While most movie productions utilize storyboards and shot lists – especially for big, complicated action scenes like this – Spielberg decided to use neither in creating Saving Private Ryan’s D-Day set piece. The script didn’t include much specific action. In fact, the sequence as written was only about seven pages long. There’s a general rule that one page of script equals one minute of runtime, but Spielberg ended up turning those seven pages into a 25-minute sequence.
Winging it on the day is an extremely risky way to approach filmmaking – particularly filmmaking on the scale of Saving Private Ryan – and if anybody other than Spielberg had wanted to shoot this way, the producers and studio executives with millions of dollars at stake would’ve undoubtedly shut them down. But, as told to the DGA (who awarded Spielberg’s work on Saving Private Ryan with their Outstanding Directorial Achievement in Motion Pictures trophy), the director had a good reason for tackling the D-Day invasion this way: “I had to shoot this sequence one step at a time, because that’s the way the Rangers took the beach: one inch at a time. As a result, I was able to make up this whole sequence as I went along.”
While the elaborately staged battles of some war movies fail to connect with audiences because they feel too carefully planned to really capture the grim realities of war, Spielberg’s spontaneous coverage of the D-Day landings resulted in a frenetic, engaging sequence that still packs a punch after 100 viewings. Spielberg said that “[coming] up with shots on the spur of the moment and not a month ahead of time… helped make things a little more chaotic and unpredictable.”

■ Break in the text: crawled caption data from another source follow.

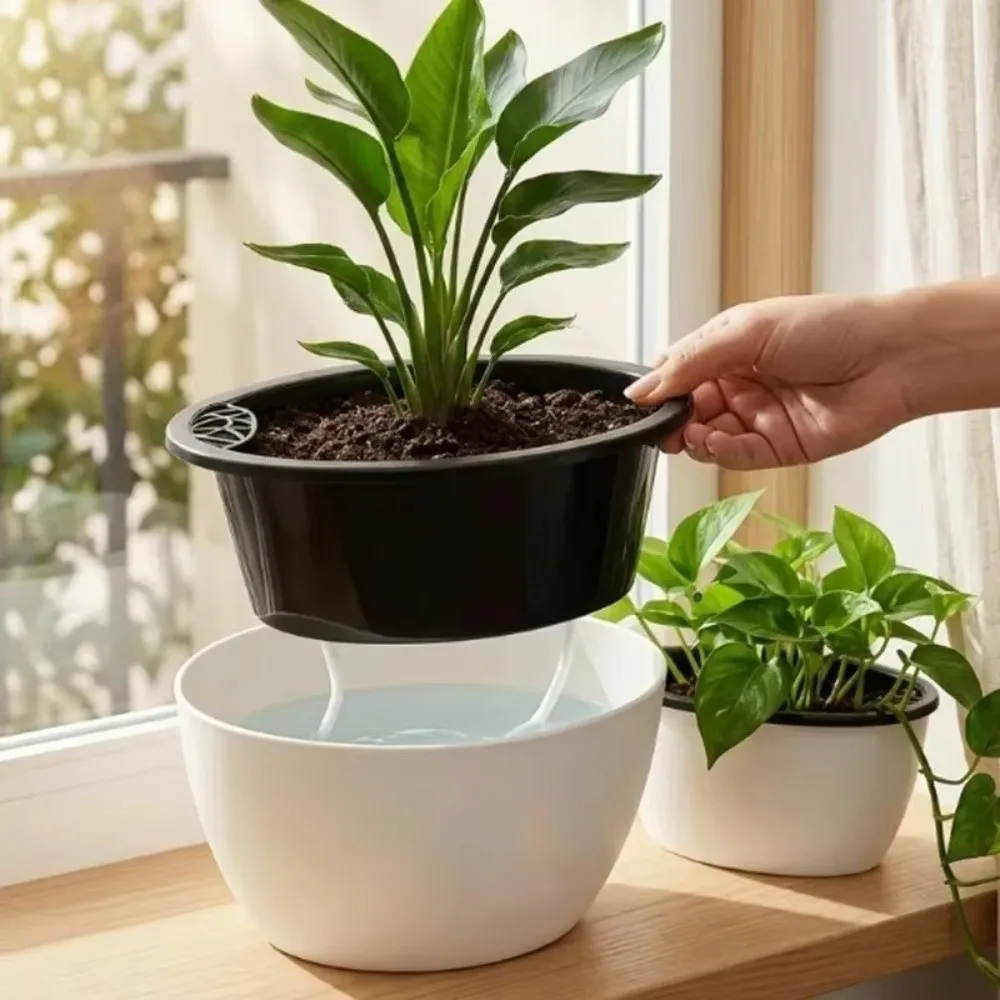 Self Watering Flower Plants Pot PP with Water Reservoir Planters Pot Hydroponic Flower Oval Seed Nursery Pots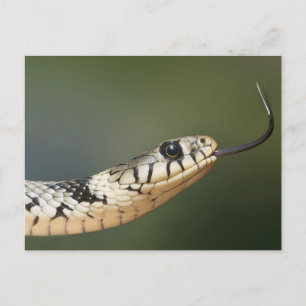 Grass Snake Vykort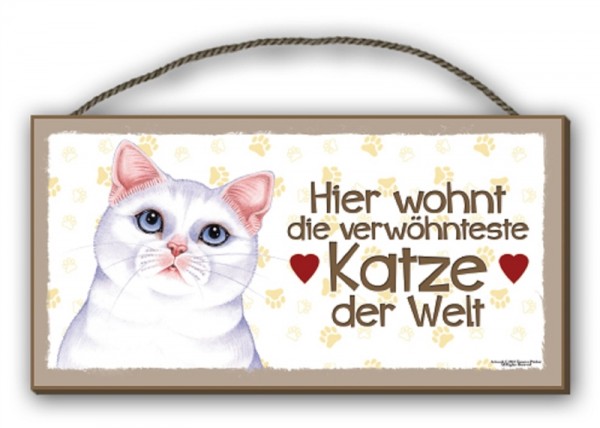 Weisse Katze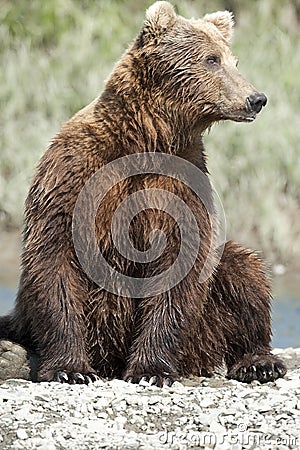 Posing Bear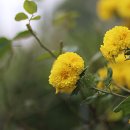 미소화원 이미지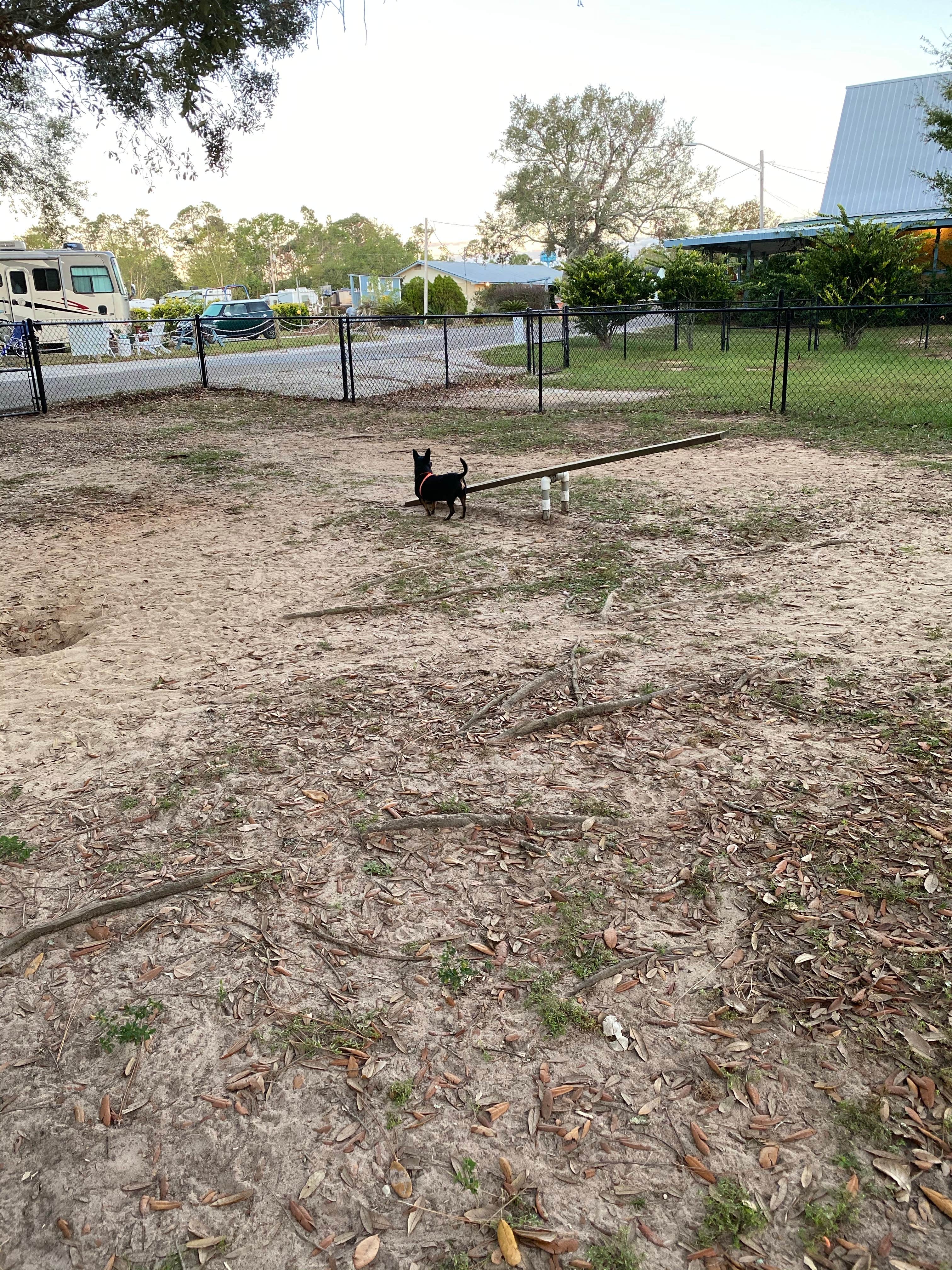 Jaimee D.'s photo of camping with pets at Gulf Shores-Pensacola West KOA near Foley, AL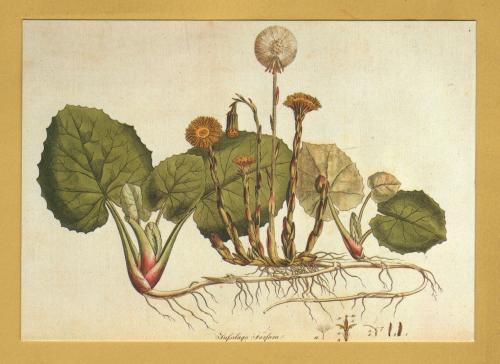 `Plants - Coltsfoot (Tussilago farfara) from `Flora Londinensis` 1798 by William Curtis` - Postally Unused - Chelsea Psychic Garden Postcard.
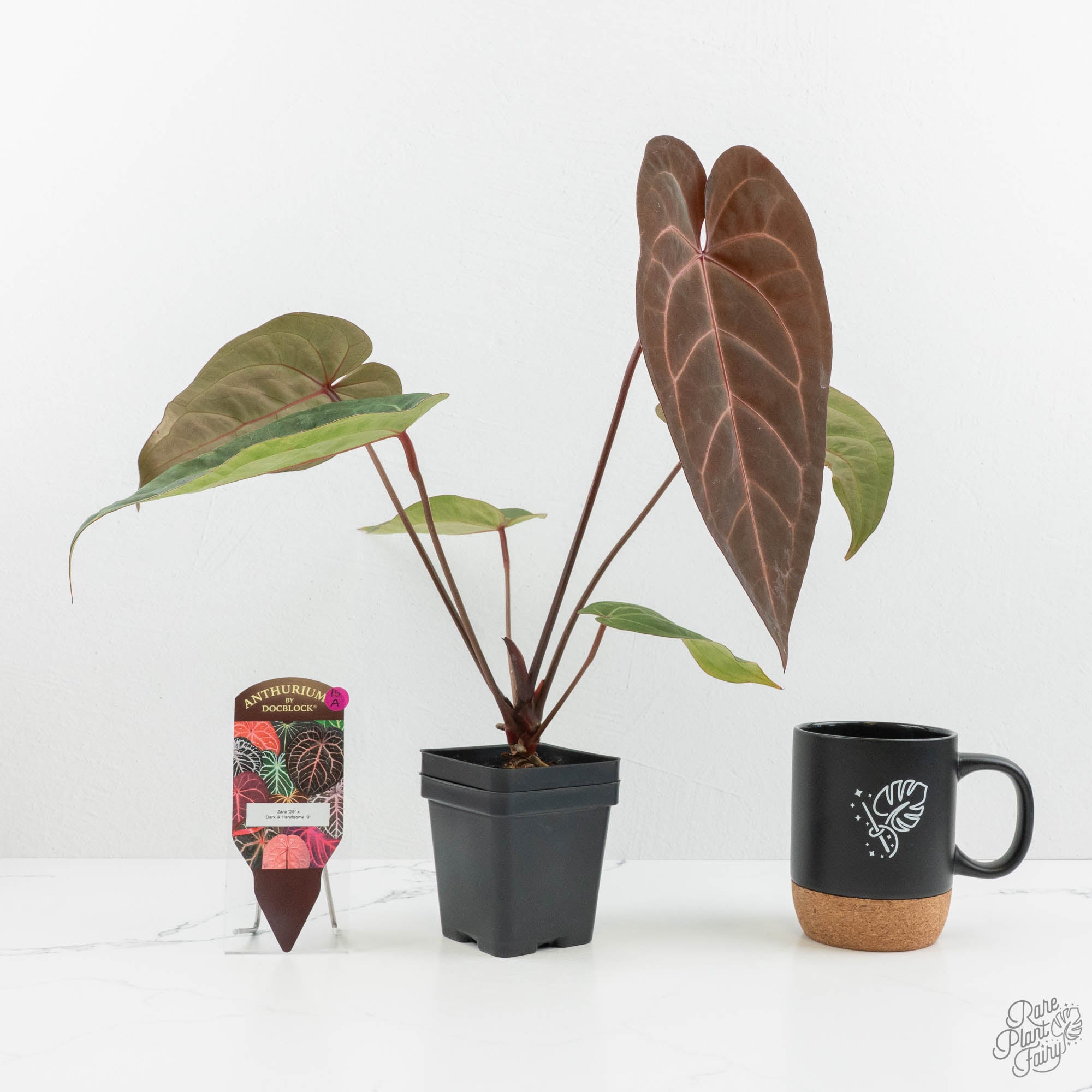 Sin Muros ／Dorantes Anthurium Zara '29' x Dark and Handsome '9' by DocBlock® (wk15-A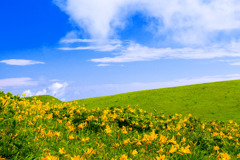 夏の霧ケ峰・車山肩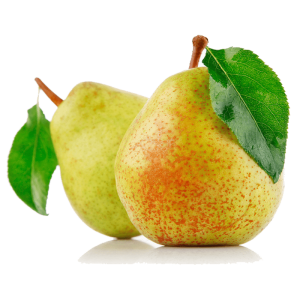 خرید نهال گلابی جنگلی قیمت مناسب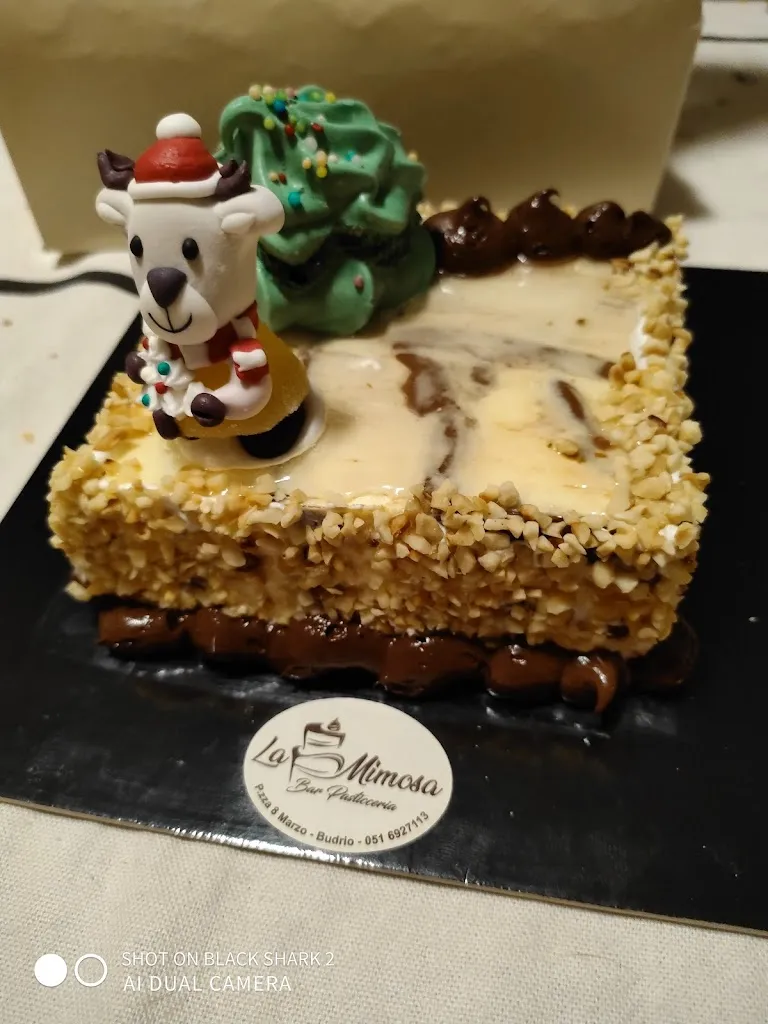 Menu_Bar Pasticceria La Mimosa_Budrio_immagine_7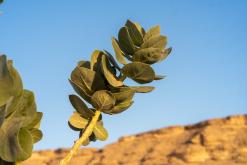 pohoří Tuwaiq - Týden po Saudské Arábii (prosinec 2024)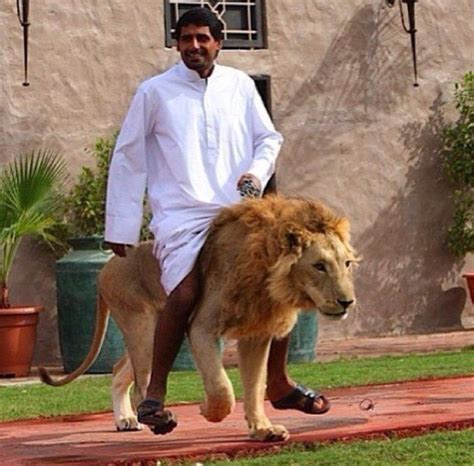 people    walks   pets pet lion dubai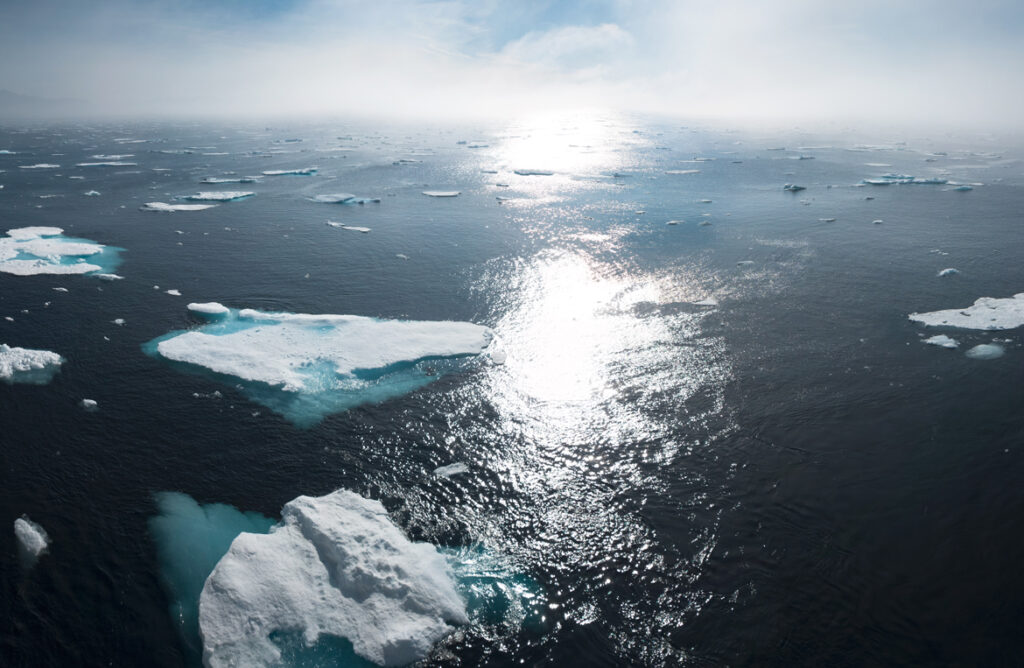 Cop25 e riscaldamento globale: le conseguenze su salute e ambiente - Apoteca Natura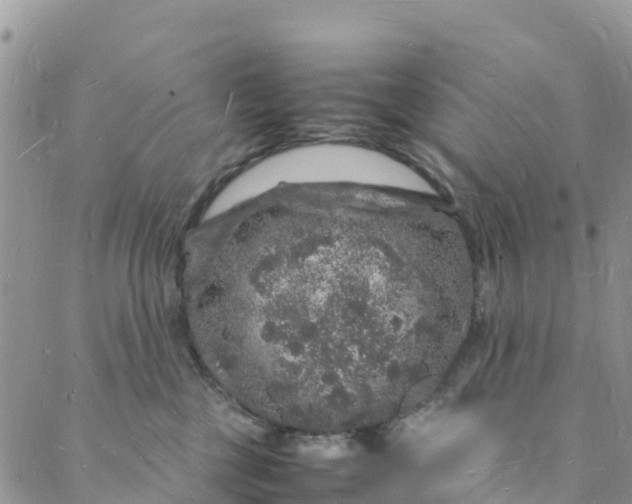 X0000088030377200705251122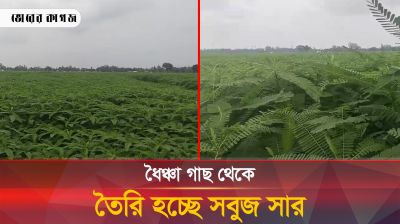 ধৈঞ্চা গাছ থেকে তৈরি হচ্ছে সবুজ জৈব সার, কৃষিতে ব্যাপক ফলন
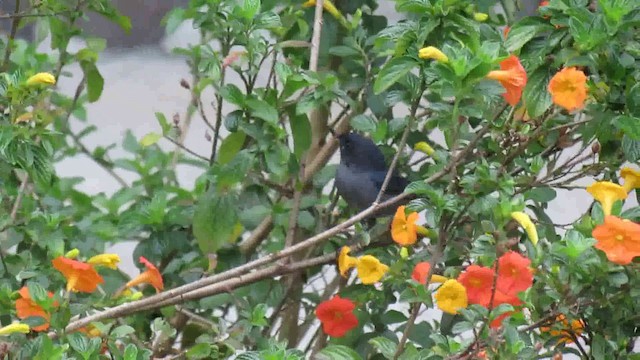 Slaty Flowerpiercer - ML200951191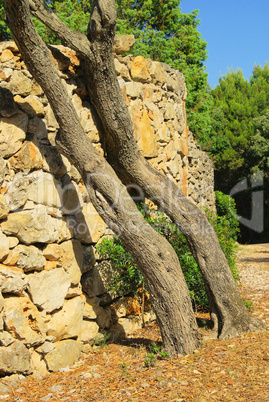 Olivenbaum an Mauer - olive tree on wall 01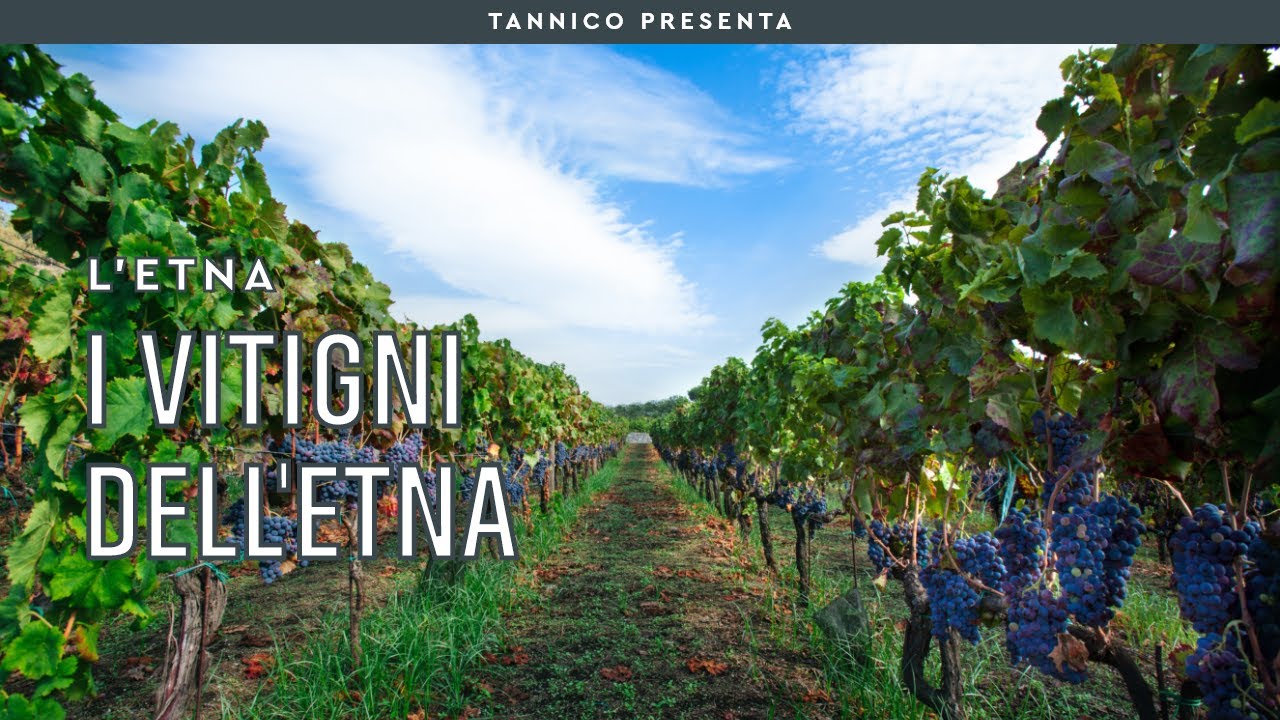 I vitigni dell'Etna | Tannico Flying School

For the dreary visual palette of the movie itself, Spielberg told cinematographer Janusz Kamiński to make the movie look like a colorized 1940s newsreel, but the D-Day invasion sequence specifically has the gritty, realistic feel of a documentary. This was achieved by following the action with handheld cameras – just like a real documentary crew would – instead of rigidly sticking to a plan meticulously cooked up during pre-production.
Some moments in Saving Private Ryan’s D-Day sequence are as haunting and disturbing as anything you’ll find in a horror movie, like the dazed soldier finding his own severed arm on the beach or the soldier who takes off his helmet and promptly takes a bullet to the head. Plus, a couple of little details throughout the sequence hint at moral gray areas that exist in any warzone. Whereas most Western-made World War II movies will paint the Allied powers as heroes and the Axis powers as villains, Saving Private Ryan suggests it was much more complex than that. During the D-Day sequence, Allied troops gun down a couple of scared, surrendering German officers in cold blood.
The result of Spielberg’s novel approach to shooting the scene is one of the most harrowing portrayals of warfare ever put on film. The director’s dramatization of the D-Day landings reportedly triggered PTSD attacks in real veterans who were on the beaches of Normandy. While that widely circulated nugget of trivia is terrible for those veterans, it’s a testament to the intensity and historical accuracy of Spielberg’s filmmaking. The only downside of his masterfully crafted recreation of the storming of the beaches of Normandy is that nothing in the rest of the movie could live up to it.